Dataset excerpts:
+-------+

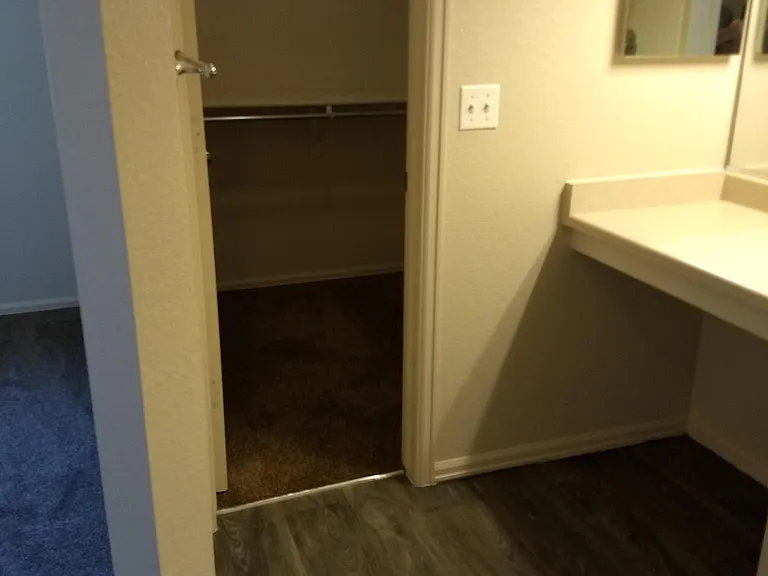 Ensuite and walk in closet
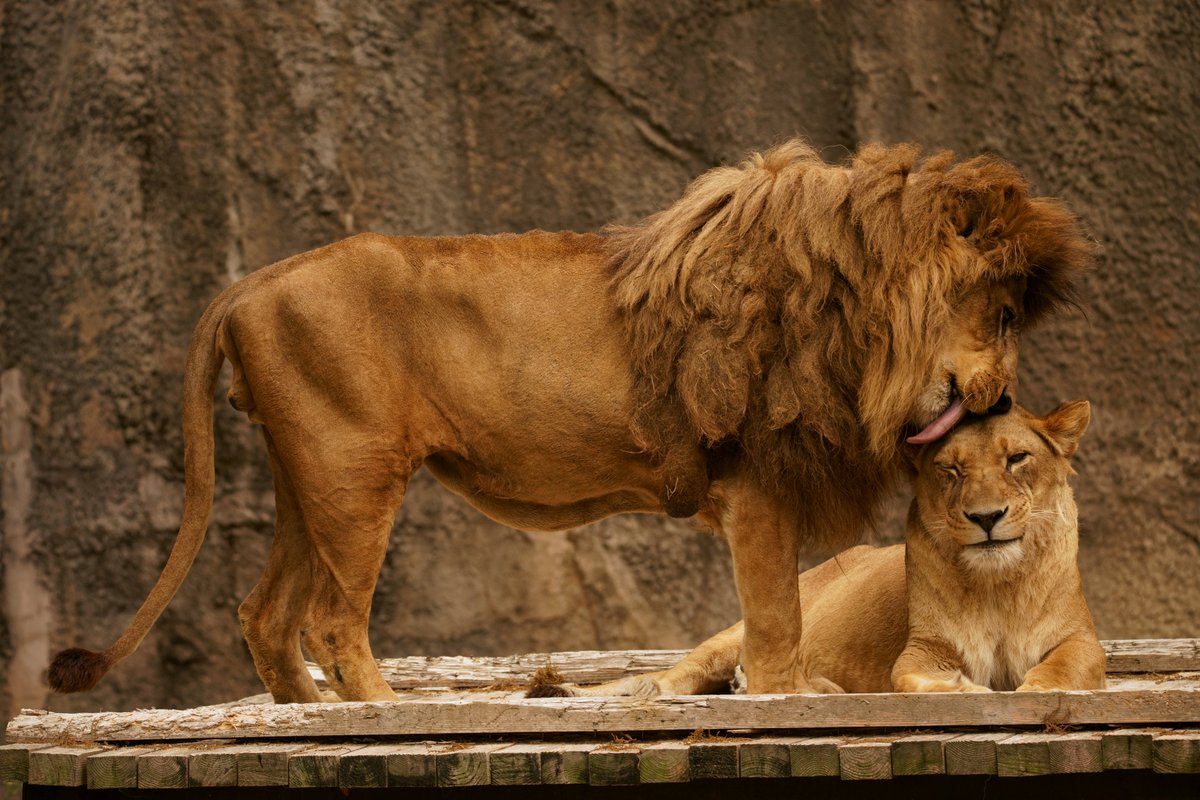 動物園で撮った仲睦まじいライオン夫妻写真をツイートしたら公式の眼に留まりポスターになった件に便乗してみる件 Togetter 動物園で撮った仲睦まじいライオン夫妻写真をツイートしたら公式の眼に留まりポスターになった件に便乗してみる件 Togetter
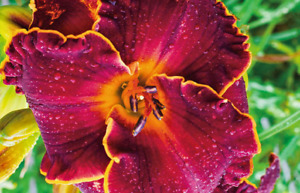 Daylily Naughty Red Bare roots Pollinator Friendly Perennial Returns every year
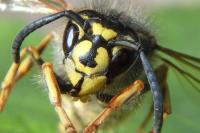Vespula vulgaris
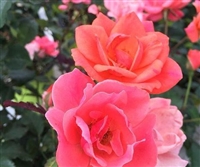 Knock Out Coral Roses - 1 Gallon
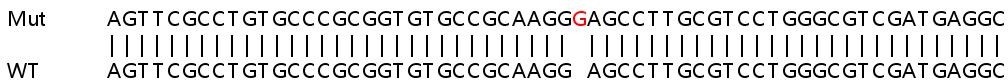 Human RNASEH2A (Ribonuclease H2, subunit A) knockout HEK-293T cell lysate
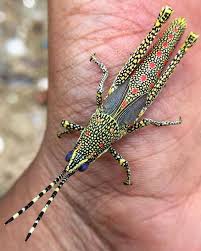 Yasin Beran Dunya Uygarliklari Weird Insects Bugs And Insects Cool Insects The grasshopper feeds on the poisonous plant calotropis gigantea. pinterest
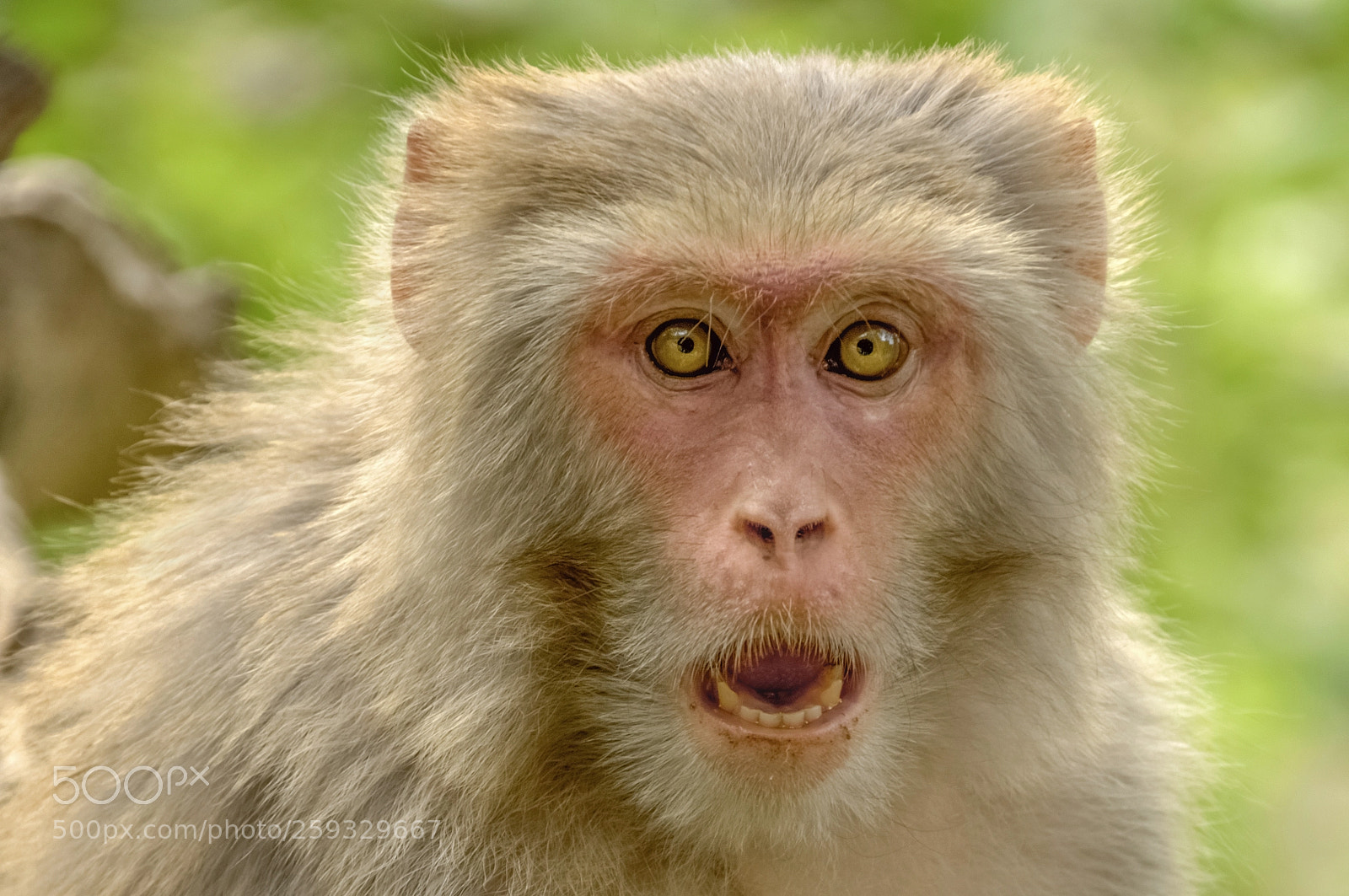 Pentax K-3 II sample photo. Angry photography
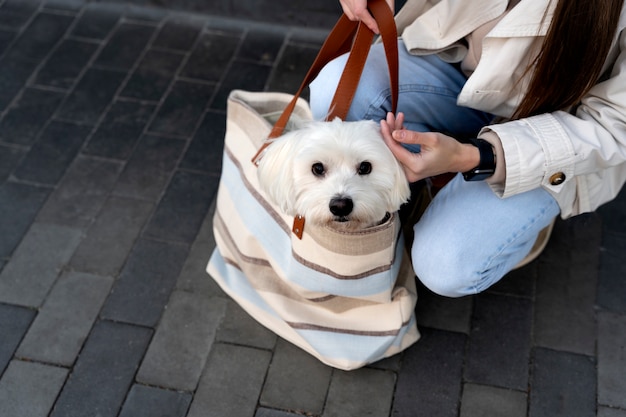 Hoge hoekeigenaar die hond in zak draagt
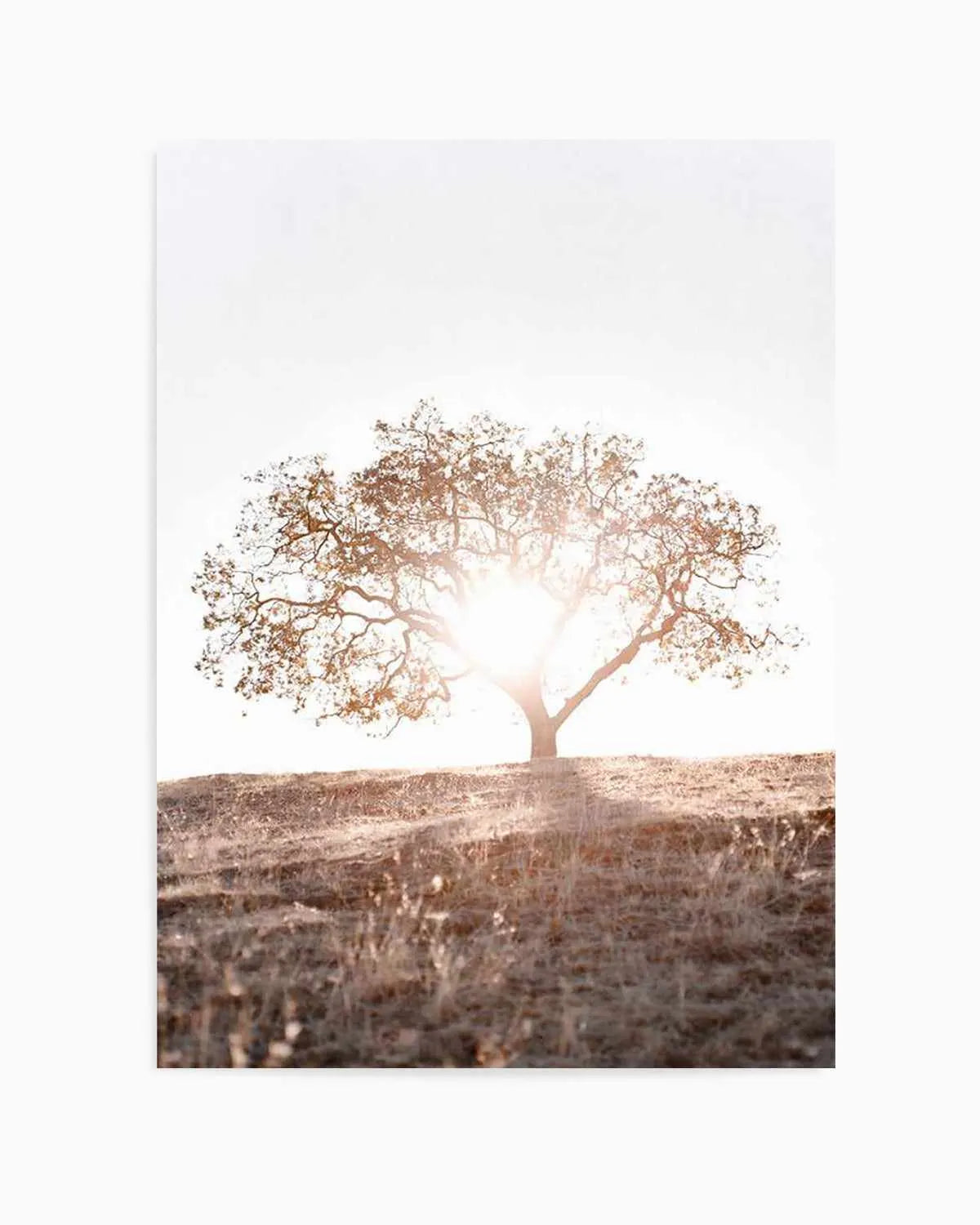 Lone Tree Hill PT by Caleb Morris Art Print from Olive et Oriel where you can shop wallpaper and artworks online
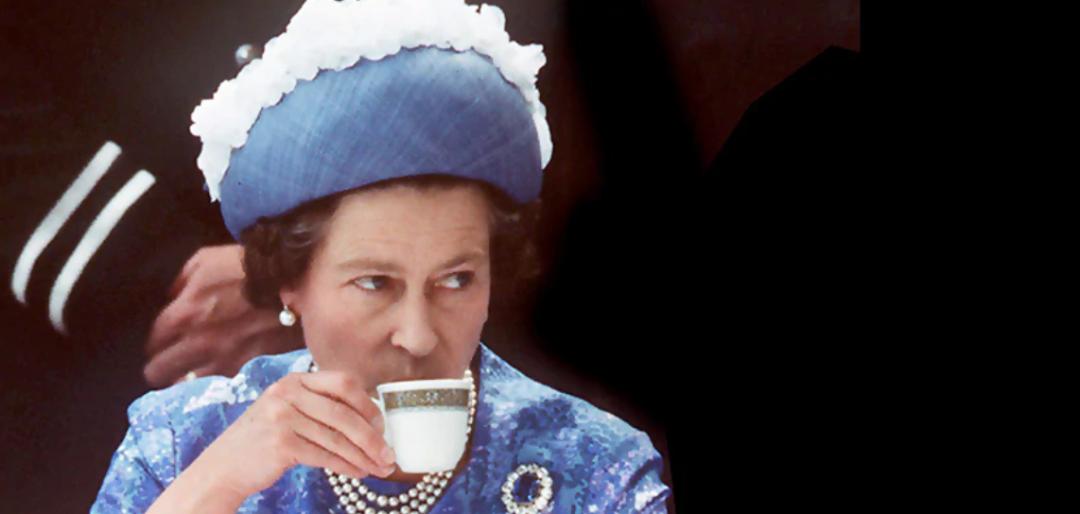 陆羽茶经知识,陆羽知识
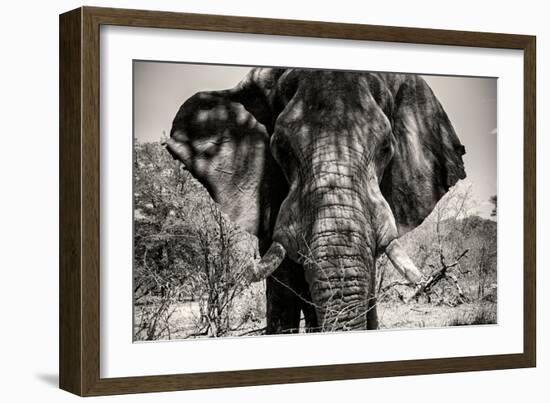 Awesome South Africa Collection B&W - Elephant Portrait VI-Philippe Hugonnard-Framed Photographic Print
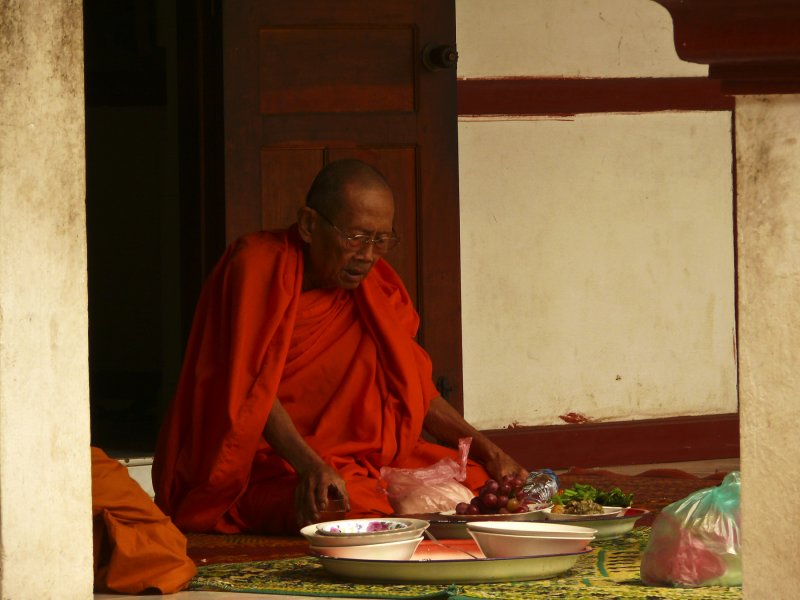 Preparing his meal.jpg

+-------+

* Directions
For this exercise, copy the entries above exactly and skip any picture.

* Result of the task
 Ensuite and walk in closet
 動物園で撮った仲睦まじいライオン夫妻写真をツイートしたら公式の眼に留まりポスターになった件に便乗してみる件 Togetter 動物園で撮った仲睦まじいライオン夫妻写真をツイートしたら公式の眼に留まりポスターになった件に便乗してみる件 Togetter
 Daylily Naughty Red Bare roots Pollinator Friendly Perennial Returns every year
Vespula vulgaris
 Knock Out Coral Roses - 1 Gallon
 Human RNASEH2A (Ribonuclease H2, subunit A) knockout HEK-293T cell lysate
 Yasin Beran Dunya Uygarliklari Weird Insects Bugs And Insects Cool Insects The grasshopper feeds on the poisonous plant calotropis gigantea. pinterest
 Pentax K-3 II sample photo. Angry photography
 Hoge hoekeigenaar die hond in zak draagt
 Lone Tree Hill PT by Caleb Morris Art Print from Olive et Oriel where you can shop wallpaper and artworks online
 陆羽茶经知识,陆羽知识
 Awesome South Africa Collection B&W - Elephant Portrait VI-Philippe Hugonnard-Framed Photographic Print
 Preparing his meal.jpg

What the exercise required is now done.